+++ Task material
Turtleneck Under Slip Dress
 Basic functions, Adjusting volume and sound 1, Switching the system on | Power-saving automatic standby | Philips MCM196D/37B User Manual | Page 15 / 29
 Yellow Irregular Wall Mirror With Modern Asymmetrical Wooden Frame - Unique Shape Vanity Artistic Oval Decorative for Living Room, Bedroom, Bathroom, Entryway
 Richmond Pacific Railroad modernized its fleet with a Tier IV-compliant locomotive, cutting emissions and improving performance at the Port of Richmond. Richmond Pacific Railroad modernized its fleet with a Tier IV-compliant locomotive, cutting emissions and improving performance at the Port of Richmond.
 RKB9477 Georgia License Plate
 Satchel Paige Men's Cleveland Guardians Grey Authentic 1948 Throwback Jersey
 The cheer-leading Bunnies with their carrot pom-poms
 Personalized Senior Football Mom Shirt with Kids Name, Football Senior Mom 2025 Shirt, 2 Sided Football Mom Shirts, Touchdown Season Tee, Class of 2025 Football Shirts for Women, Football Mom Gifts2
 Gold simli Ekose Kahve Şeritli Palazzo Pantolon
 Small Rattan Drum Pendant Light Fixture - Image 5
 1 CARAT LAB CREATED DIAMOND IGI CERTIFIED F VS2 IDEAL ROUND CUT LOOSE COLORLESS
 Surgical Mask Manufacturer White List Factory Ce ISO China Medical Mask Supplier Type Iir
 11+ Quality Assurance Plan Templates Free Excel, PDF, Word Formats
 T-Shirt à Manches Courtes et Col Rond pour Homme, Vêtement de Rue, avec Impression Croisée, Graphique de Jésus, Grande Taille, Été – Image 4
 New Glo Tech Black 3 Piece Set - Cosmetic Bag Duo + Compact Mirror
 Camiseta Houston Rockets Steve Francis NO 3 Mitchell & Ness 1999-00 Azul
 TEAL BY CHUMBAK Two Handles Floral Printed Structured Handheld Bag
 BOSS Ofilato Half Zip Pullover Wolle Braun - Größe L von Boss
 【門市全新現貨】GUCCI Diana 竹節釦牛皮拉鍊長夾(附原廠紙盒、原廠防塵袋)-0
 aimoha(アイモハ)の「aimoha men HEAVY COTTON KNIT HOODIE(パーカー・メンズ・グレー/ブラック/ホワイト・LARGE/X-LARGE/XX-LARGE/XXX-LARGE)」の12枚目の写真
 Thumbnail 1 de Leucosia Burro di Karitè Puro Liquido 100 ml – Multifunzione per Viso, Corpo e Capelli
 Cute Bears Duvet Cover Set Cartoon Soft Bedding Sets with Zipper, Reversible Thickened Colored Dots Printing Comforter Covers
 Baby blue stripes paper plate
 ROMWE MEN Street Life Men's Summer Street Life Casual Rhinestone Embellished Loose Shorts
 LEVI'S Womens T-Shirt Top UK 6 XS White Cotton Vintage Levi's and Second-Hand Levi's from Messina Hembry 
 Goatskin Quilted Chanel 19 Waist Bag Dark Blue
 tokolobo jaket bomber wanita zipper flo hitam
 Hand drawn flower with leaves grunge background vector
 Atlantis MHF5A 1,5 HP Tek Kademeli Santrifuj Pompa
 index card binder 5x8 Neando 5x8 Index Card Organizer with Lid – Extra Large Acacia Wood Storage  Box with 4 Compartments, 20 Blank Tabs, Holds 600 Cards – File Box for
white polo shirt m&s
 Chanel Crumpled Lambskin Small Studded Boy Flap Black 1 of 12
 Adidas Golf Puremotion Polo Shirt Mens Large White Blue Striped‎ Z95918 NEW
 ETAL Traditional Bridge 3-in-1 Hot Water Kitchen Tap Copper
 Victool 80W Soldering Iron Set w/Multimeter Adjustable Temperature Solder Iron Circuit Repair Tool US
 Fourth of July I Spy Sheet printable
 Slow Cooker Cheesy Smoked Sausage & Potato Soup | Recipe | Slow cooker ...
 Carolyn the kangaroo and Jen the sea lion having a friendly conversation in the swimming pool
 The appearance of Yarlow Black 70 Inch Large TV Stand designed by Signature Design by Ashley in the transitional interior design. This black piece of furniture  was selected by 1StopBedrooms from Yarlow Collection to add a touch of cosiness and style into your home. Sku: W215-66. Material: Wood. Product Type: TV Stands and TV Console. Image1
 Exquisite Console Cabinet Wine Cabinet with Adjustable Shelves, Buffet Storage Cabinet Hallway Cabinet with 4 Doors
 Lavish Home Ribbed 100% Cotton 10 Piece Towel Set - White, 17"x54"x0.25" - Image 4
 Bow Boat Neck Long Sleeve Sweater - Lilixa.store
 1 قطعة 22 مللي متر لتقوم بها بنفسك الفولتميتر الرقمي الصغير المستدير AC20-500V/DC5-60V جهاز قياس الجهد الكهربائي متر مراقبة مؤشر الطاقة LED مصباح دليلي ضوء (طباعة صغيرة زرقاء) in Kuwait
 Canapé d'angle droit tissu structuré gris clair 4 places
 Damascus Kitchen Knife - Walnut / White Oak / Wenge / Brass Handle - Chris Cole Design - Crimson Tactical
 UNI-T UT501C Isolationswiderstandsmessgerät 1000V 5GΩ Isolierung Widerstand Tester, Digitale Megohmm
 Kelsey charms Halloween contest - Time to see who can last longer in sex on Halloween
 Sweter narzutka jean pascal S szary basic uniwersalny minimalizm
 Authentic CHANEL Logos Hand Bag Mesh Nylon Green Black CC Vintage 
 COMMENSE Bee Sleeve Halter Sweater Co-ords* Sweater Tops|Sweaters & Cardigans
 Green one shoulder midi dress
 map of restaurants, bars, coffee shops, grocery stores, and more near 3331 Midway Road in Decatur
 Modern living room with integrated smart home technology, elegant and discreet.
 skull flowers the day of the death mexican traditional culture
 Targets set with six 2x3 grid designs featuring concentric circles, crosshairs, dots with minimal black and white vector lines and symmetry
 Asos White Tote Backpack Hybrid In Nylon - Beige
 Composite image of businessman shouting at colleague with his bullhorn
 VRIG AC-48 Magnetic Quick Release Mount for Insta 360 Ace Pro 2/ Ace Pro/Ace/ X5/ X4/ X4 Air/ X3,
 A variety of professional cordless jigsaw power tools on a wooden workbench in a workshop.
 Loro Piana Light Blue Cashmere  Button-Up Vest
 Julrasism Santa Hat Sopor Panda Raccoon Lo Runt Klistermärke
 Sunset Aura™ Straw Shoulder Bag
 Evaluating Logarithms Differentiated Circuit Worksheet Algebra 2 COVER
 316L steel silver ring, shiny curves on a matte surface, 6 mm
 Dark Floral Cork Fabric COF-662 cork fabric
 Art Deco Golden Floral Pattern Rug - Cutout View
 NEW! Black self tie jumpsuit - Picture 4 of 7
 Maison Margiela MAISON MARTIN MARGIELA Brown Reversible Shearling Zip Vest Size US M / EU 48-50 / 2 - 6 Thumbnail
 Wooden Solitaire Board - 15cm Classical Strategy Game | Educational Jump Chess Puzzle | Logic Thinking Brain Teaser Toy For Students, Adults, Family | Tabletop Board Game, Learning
++++++
== Directions ==
What you return should be exactly the lines above, starting at the one with "Satchel Paige Men's" and ending at the one with "T-Shirt à Manches", and nothing else.

== Final answer ==
 Satchel Paige Men's Cleveland Guardians Grey Authentic 1948 Throwback Jersey
 The cheer-leading Bunnies with their carrot pom-poms
 Personalized Senior Football Mom Shirt with Kids Name, Football Senior Mom 2025 Shirt, 2 Sided Football Mom Shirts, Touchdown Season Tee, Class of 2025 Football Shirts for Women, Football Mom Gifts2
 Gold simli Ekose Kahve Şeritli Palazzo Pantolon
 Small Rattan Drum Pendant Light Fixture - Image 5
 1 CARAT LAB CREATED DIAMOND IGI CERTIFIED F VS2 IDEAL ROUND CUT LOOSE COLORLESS
 Surgical Mask Manufacturer White List Factory Ce ISO China Medical Mask Supplier Type Iir
 11+ Quality Assurance Plan Templates Free Excel, PDF, Word Formats
 T-Shirt à Manches Courtes et Col Rond pour Homme, Vêtement de Rue, avec Impression Croisée, Graphique de Jésus, Grande Taille, Été – Image 4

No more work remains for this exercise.